West Africa’s cocoa sector has seen heightened volatility in recent years, driven by market fluctuations, environmental degradation, and human rights challenges.
Despite cocoa prices reaching record highs, millions of smallholder farmers in Côte d’Ivoire, Ghana, and Nigeria, the region’s main producers, remain trapped in poverty, according to the Cocoa Barometer 2025, launched on Wednesday, October 9.
The report highlights that while the sector faces serious challenges, there has been some progress, though much remains to be done. Côte d’Ivoire and Ghana together produce more than 60 percent of the world’s cocoa, shaping global prices and policy, while Nigeria is emerging as a significant player, projected to produce 350,000 tonnes in the 2024/25 season. Yet, most farmers have not benefited from recent price surges. Forward-selling mechanisms have delayed the effects of higher prices, while yields continue to decline due to aging trees, crop diseases, and erratic rainfall linked to climate change.
The Cocoa Barometer underscores that farmer poverty underpins many sectoral problems, from deforestation to child labor and gender inequality. Paying farmers fairly is not only a moral obligation but also a legal one, strengthened by recent human rights and environmental legislation. However, political resistance in Europe is threatening progress in regulating the sector. Meanwhile, higher prices are driving a production boom, which has already led to deforestation spreading into new regions in West Africa and raises the risk of oversupply and falling prices, as seen in 2016.

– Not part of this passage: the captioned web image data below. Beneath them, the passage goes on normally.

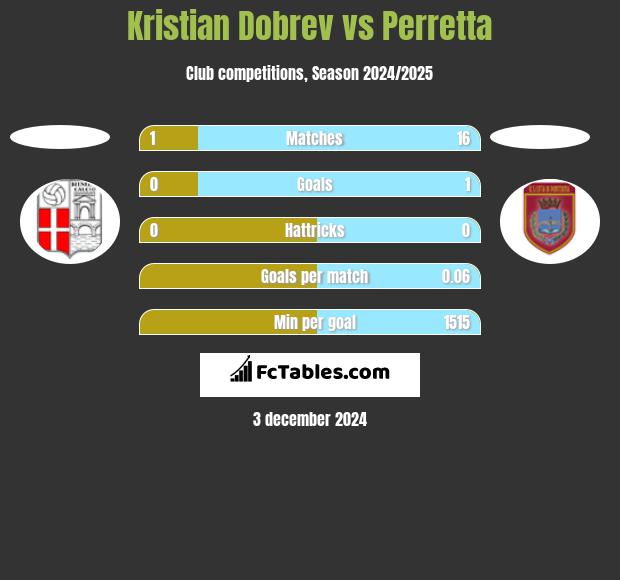 Kristian Dobrev vs Perretta h2h player stats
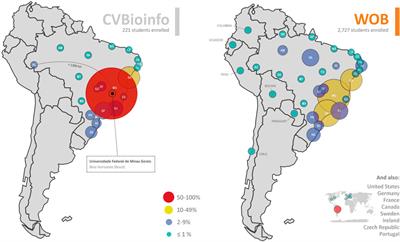 From In-Person to the Online World: Insights Into Organizing Events in Bioinformatics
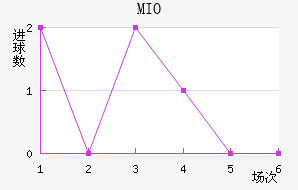 MIOݽϺ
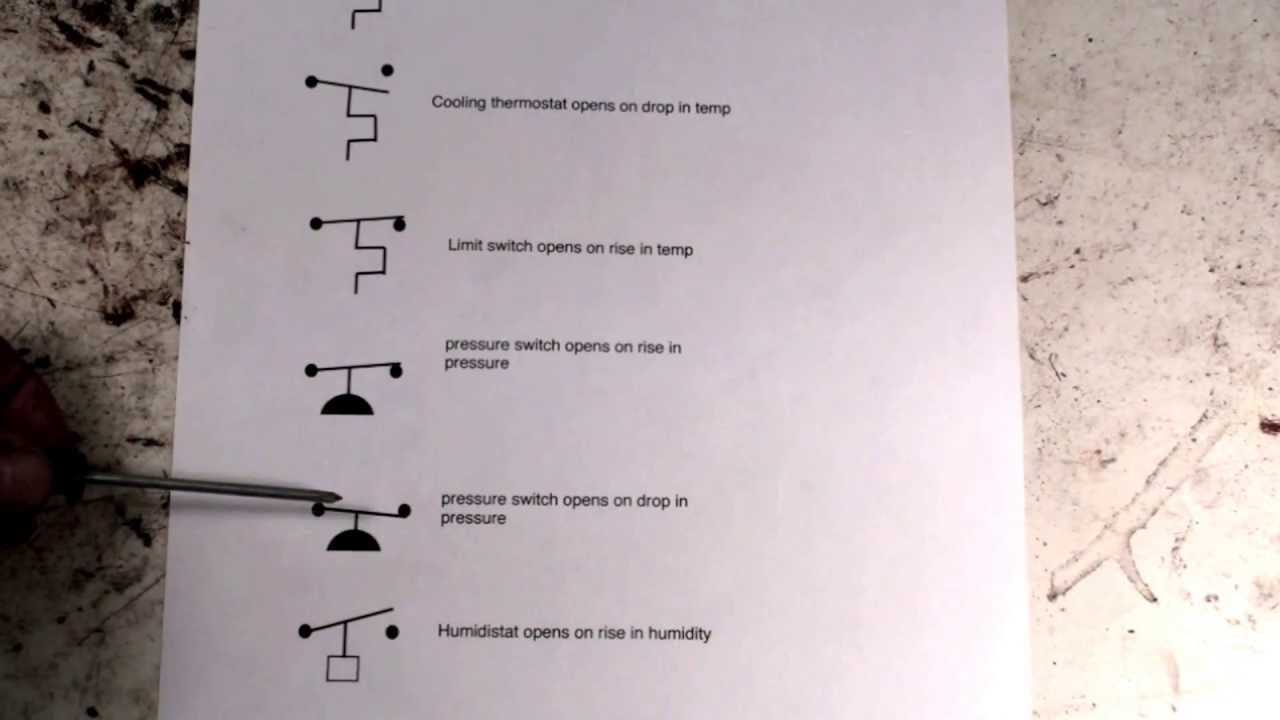 hvac wiring diagram symbols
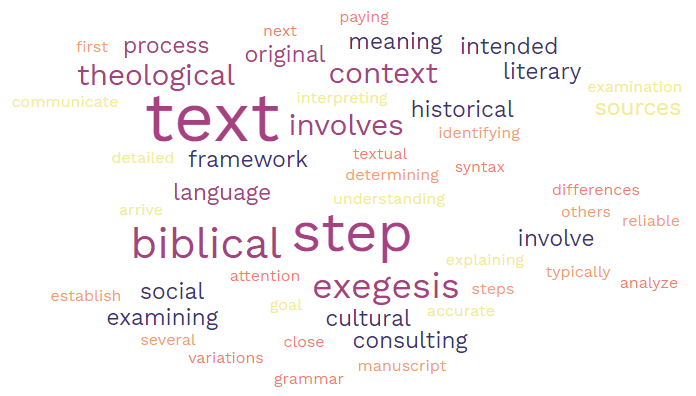 Exegesis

Cocoa-growing communities continue to face climate shocks, deforestation, and human rights violations. The report notes that 1.5 million children still work in dangerous conditions in Ghana and Côte d’Ivoire, while women—who perform most farm labor—remain largely excluded from decision-making and profit-sharing. Farm workers and tenant farmers, crucial to cocoa cultivation, are consistently overlooked in sector discussions, despite being among the most vulnerable.
Governance and policy gaps exacerbate these problems. The report points to weak oversight and the absence of supply management, leaving farmers exposed to volatile markets. A lack of transparency in cocoa sales, including farmgate pricing, continues to limit accountability and trust within the sector.
Yet the 2025 Cocoa Barometer also emphasizes that systemic change is possible. It calls for stronger collaboration among farmers, governments, companies, and civil society. Urgent actions recommended include ensuring a living income for farmers, protecting forests through a global moratorium on deforestation caused by cocoa cultivation, recognizing both women and men as co-decision makers, and implementing transparency and accountability mechanisms throughout the supply chain.
The Cocoa Barometer, published by a consortium of civil society organizations, provides a state-of-sustainability overview of the cocoa sector. It highlights ongoing challenges and progress, offers a long-term perspective on sector developments, and sketches potential future risks.